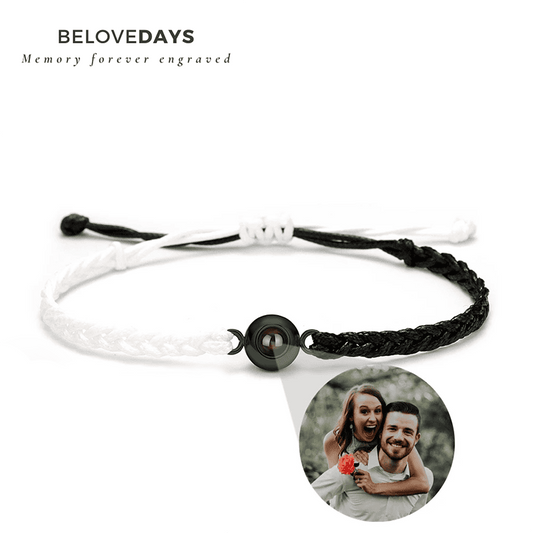 Beloved Multi Color Bracelet (Sterling Silver or Stainless Steel)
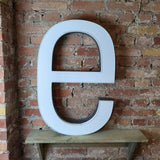 eee Leuchtbuchstabe  /
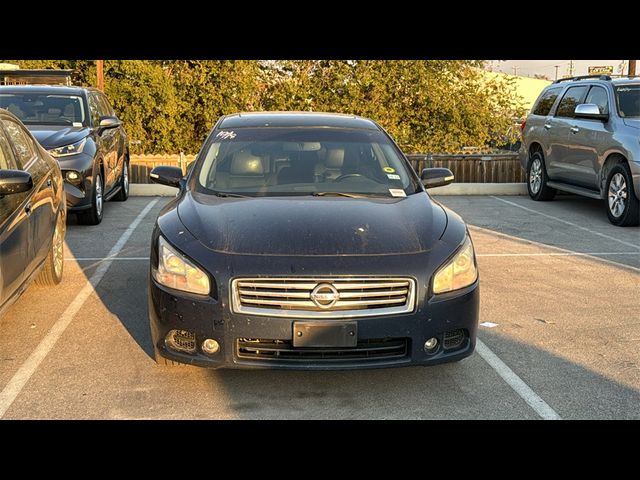 2012 Nissan Maxima 3.5 SV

Requirement: Restate the listing word for word. Pictures do not belong in the copy.

Written reply:
 Beloved Multi Color Bracelet (Sterling Silver or Stainless Steel)
 eee Leuchtbuchstabe  /
 2012 Nissan Maxima 3.5 SV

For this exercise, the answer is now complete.